I remember telling myself:
“I’m quitting the Texan after my third semester as a senior news reporter.”
That turned to: “I’m quitting the Texan after I become news desk editor.”
And then that turned to: “I’m quitting the Texan after I become associate news editor.”
After what feels like an eternity of telling myself I’m definitely quitting the Texan after this semester, I’m now here as the associate managing editor. And through my time as AME, man, it’s going to be hard to say goodbye to this paper.
Maybe it’s Stockholm syndrome I’m feeling. Maybe it’s because I’m scared to leave an organization that made my college and journalism career. Maybe it’s because I’m going to miss everyone who made my time at the Texan so special.
The Texan is a place for wannabe journalists, for people to learn and grow, for people to find their footing in college and a place for people to make memories at — please do not mention the pool incident to me.
My last semester at the Texan will hold a special place in my heart. It’s truly when I felt “in” at the Texan, whether that’s a good or bad thing, who knows (it’s both).
Anyway, let’s do the generic thank yous to everyone I have not talked to in a while because I’m bad at maintaining relationships.
To AAJA:
Shez, Fiza, Michael, Mirya, Kaushiki, Angela, Julius, Dilen, Teresa, Juleanna, Nathan and others I’m too lazy to type the names of, thanks for giving me a community of journalists I could actually stand. I enjoyed the late-night hangouts and funny, silly, goofy sessions.
To the people in the basement during production nights:
Carla, Sara, Lorianne, Mimi, Christina, Leila, Kate, Amelia, Sascha, Chloe, Trinity, the designers I totally remember the names of and many more. Thank you for making production night not hell. Thank you for the last-minute dinner runs, the generous leftovers I forced you to hand over and making my time at the Texan feel like home.
To all my mentees:
Aaron, Miriam, Henry, Tess, Beomjun, Perla, Rob, Ylver, and (ironically) Morgan.
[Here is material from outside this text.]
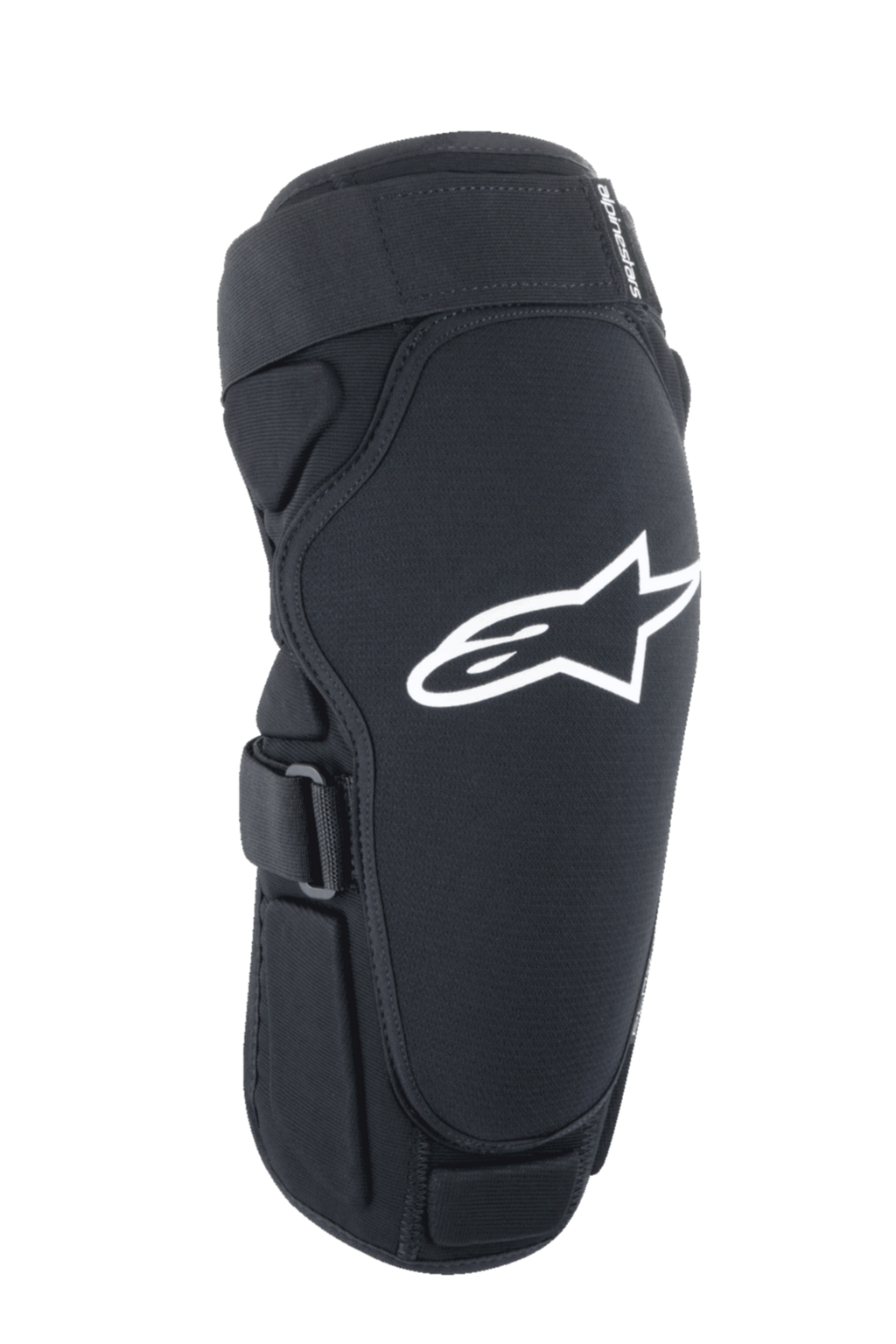 Genouillères A-Impact Plasma Pro
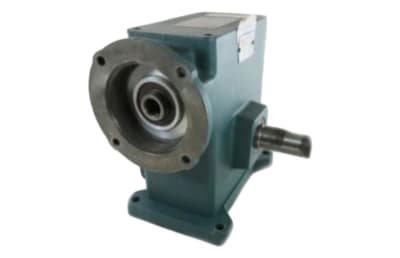 ASEA BROWN BOVERI MR94903L1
I don’t know where life will take all of you. I don’t know if y’all want to continue journalism. But I know that you guys will do amazing things in life. I know that because I mentored y’all. And if I mentored y’all, you will be fine.
Peter:
Thank you for guiding us. You used to scare me, and you still do. I remember the first “good” I got from your critiques, and then the subsequent “goods” I got for a while longer. It felt like a badge of honor.
Breigh and Morgan:
I was scared coming in as AME. But you guys have helped and made the transition from some ANE to AME smoothly. I’m proud of the work that we did. You guys made production a time I look forward to. I will miss you guys, I’ll try my best not to ghost y’all. And Breigh, you will be an amazing ME, I just know it.
To all my news editors I worked under and with:
Emily Hernandez, Lauren Girgis and Neelam Bohra, thank you for taking in this confused freshman as your general news reporter. Thank you for teaching and guiding him along this confusing path. I learned so much from y’all. I’m sorry for leaving the parties early, I wished I had stayed for longer.
Brooke, Skye, Anna, Hannah, Tori, Hope and Samantha, it’s finally over, I’m done.
To everyone I mentioned, please reach out to me because I will forget to reach out to you.